Other Arctic superior images

In 1818, Sir John Ross was fooled by a superior image in his search for the then Northwest Passage between the Atlantic and Pacific oceans. He was sailing in Northern Canadian waters, but his way was blocked by ‘mountains’ looming up above his near horizon. He assiduously plotted these mountains on his charts and named them the Crocker Mountains. Ross returned to the UK and dutifully reported that no passage existed.

Ross’s second in command, Captain Parry was less convinced and in 1819, in his expedition he sailed right through the so-called Crocker Mountains to discover the Northwest Passage. These mountains never existed. Many such features such as islands and mountains were plotted on early navigational charts to be erased by 20th and 21st century satellite imagery. It is now proven that such optical illusion places do not exist.

Atmospheric optical effects

The most stunning optical phenomenon is the rainbow, produced in daytime when sunlight passes through water droplets or ice crystals in the atmosphere. A common effect is that of the rainbow observed from the ground when we see only the arc of the rainbow rather than the circle it forms. Because light travels more slowly through water than through air it causes it to be refracted, or bent, as it passes from one to the other. When light passes through raindrops each of its wavelengths – or colours – is refracted by the drops at a slightly different angle, from red at the lowest angle through to violet at the highest. Some of the light is reflected off the back of the raindrop where the water’s surface tensions act like a mirror, and this reverses the order of the spectrum.

Secondary rainbows often called ‘rainbow hats’, can form outside of the brighter primary rainbow.
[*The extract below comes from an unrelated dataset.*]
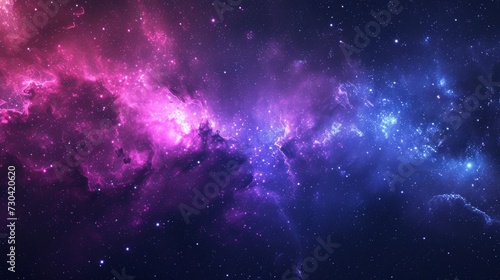 Abstract galaxy background with nebulae and stars background © furyon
The colour sequence is reversed as the light has been reflected a second time in the raindrop.

Circumzenithal arcs

Photo shows a circumzenithal arc. – Photo from MaxPixel

These arcs often appear as an ‘upside-down, rainbow, when the Sun’s rays are refracted inside small, flat, six-sided ice crystals suspended high in the sky, usually in cirrus or ‘mare-tail’ clouds. This projects an arc in the sky which, if complete, would circle the sky directly overhead. They usually form no more than one-quarter of a circle.


These circular optical phenomena are produced when either light from the Sun, or sunlight reflected by the Moon, passes through ice crystals in the atmosphere. The light is refracted by ice crystals in high-level cirrus clouds, creating the effect of a ring of light around the Sun or Moon.

Coronas and iridescence

Light is diffracted (its direction is deflected) when it passes around the edge of objects such as water droplets in a cloud. This produces a corona, which appears as a circle around the source of light, such as the Moon, when the droplets are the same size. If the droplets vary in size, the complex pattern of diffraction produces a display of colours called iridescence.

Mock sun

As the name implies, a ‘mock sun’ – also known as a sun dog or a parhelion – is a bright spot in the sky that resembles the Sun. Mock suns occur when cirrus or cirrostratus clouds are thick enough to catch the light from the Sun and separate it into the individual colours of the spectrum. The higher the Sun is in the sky, the further away the mock sun will be observed from the real Sun.
Such are the complexities of our atmosphere and the optical images that can be created by the composition of the air above our heads. In the hustle and bustle of our everyday lives and in our eagerness to get from point A to point B we tend to from suffer tunnel vision and seldom look upwards to the skies.

Perhaps, we should spare a little time each day to marvel at the wonders of nature (besides the rain and blistering sun) in the heavens above and try to understand what causes our weather. Each day and night are unique.